Yes. Consider France. Although France does have an extradition treaty with the United States, it also has a history of reluctance to send people into the U.S. criminal justice system. France has refused to extradite filmmaker Roman Polanski, a French citizen, back to the United States, where he faces charges for the 1977 rape of a 13-year-old girl. More recently, a French court decided not to extradite Michael and Linda Mastro, who were indicted by a federal grand jury on charges of bankruptcy fraud and money laundering, unless American authorities would promise not to imprison them. If France can be a sanctuary for them, perhaps there would be some hope for a whistle-blower (and, according to some, a human rights hero) such as Snowden.
Although it may be tempting to flee to a place that doesn’t have an extradition treaty with the United States, many of those countries would be pretty unappealing to a whistle-blower with a taste for human rights: Somalia, Saudi Arabia, North Korea, and Syria, for example. At the other end of the spectrum, the small European nation of Andorra has great skiing, one of the highest life expectancies in the world, and no extradition treaty. But Andorra, Ukraine, and other seemingly livable places without extradition agreements aren’t a sure bet, either. Even without a formal treaty in place, a country can still choose to repatriate a fugitive trying to hide out within its borders.
Iceland, Venezuela, and Ecuador have been discussed as other options for Snowden should Hong Kong prove inhospitable.

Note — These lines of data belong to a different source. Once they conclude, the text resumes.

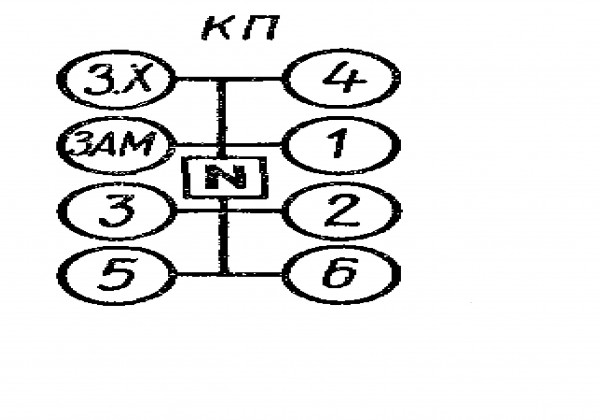 Коробка передач т 25 схема переключения старого образца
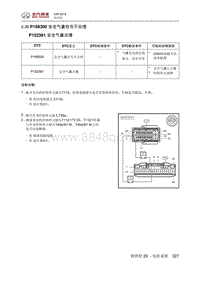 2018绅宝X35 P168300 安全气囊信号不合理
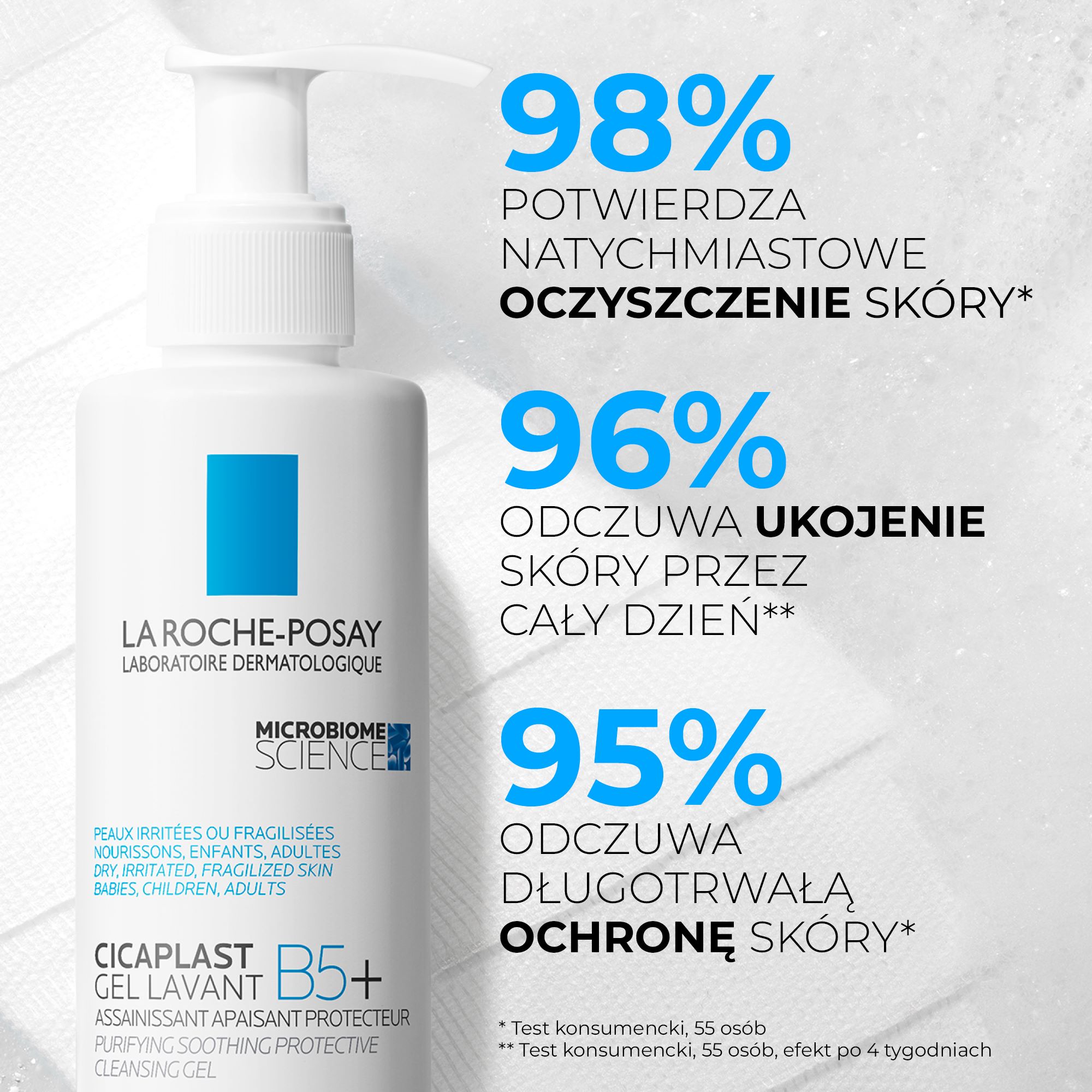 La Roche-Posay, Cicaplast Gel Lavant B5+, pianka oczyszczająca do twarzy, 200 ml
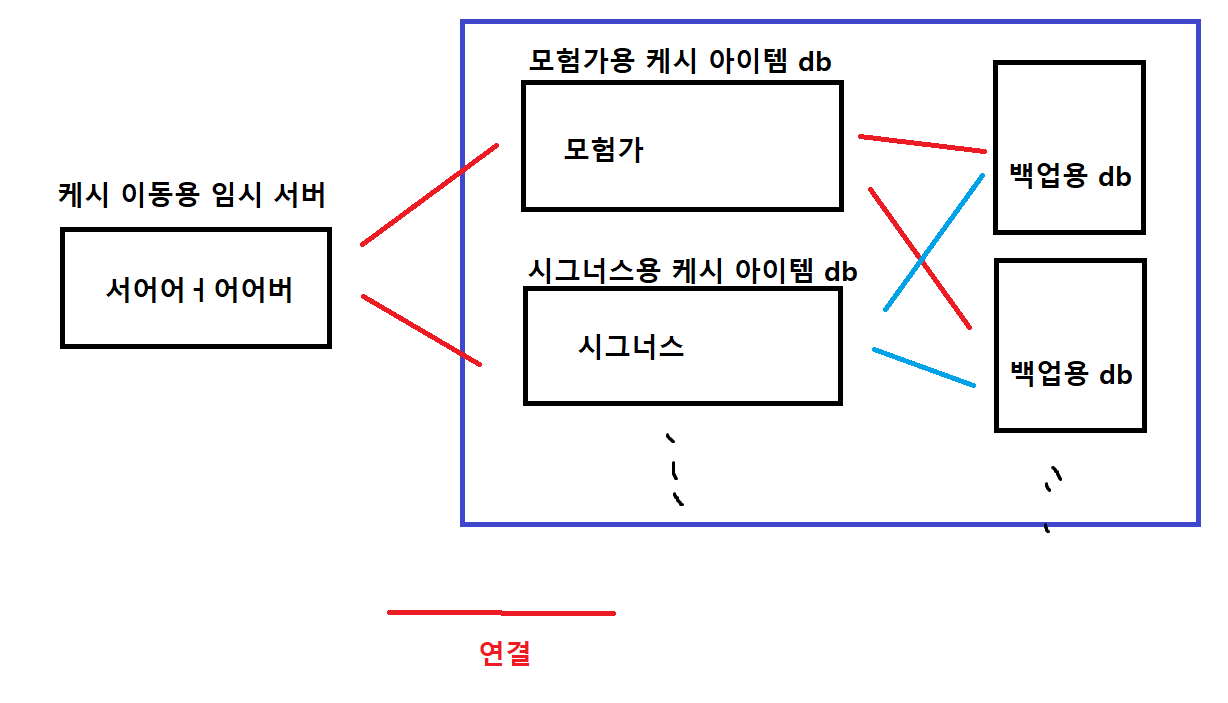 캐시 이동이 어려운 이유를 기술적으로 설명해줌 | 메이플 인벤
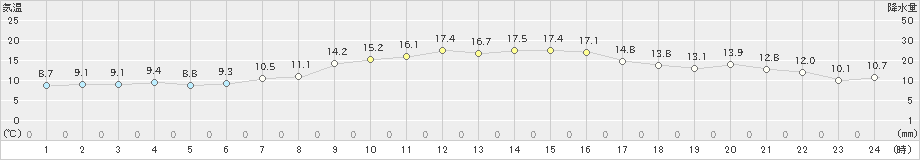 今治(>2024年11月21日)のアメダスグラフ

Those countries have shown popular support for WikiLeaks founder Julian Assange, who is currently living as a fugitive in Ecuador’s London embassy, where he has been granted diplomatic asylum. They may be similarly welcoming to fellow leaker Snowden. In fact, according to the Guardian, Icelandic information activists have already made inquiries about the possibility of Snowden being given sanctuary in Iceland.
But if Snowden wants to try his luck in Iceland, France, or anywhere else, he’d have to get there first. Interpol will sometimes issue a “red notice” (the closest thing to an international arrest warrant) but keep it sealed so that the wanted person doesn’t know it’s out there. If so, if Snowden tried to travel, he’d be arrested at the airport. So, for now, perhaps Hong Kong is no less secure a refuge for Snowden than any other place.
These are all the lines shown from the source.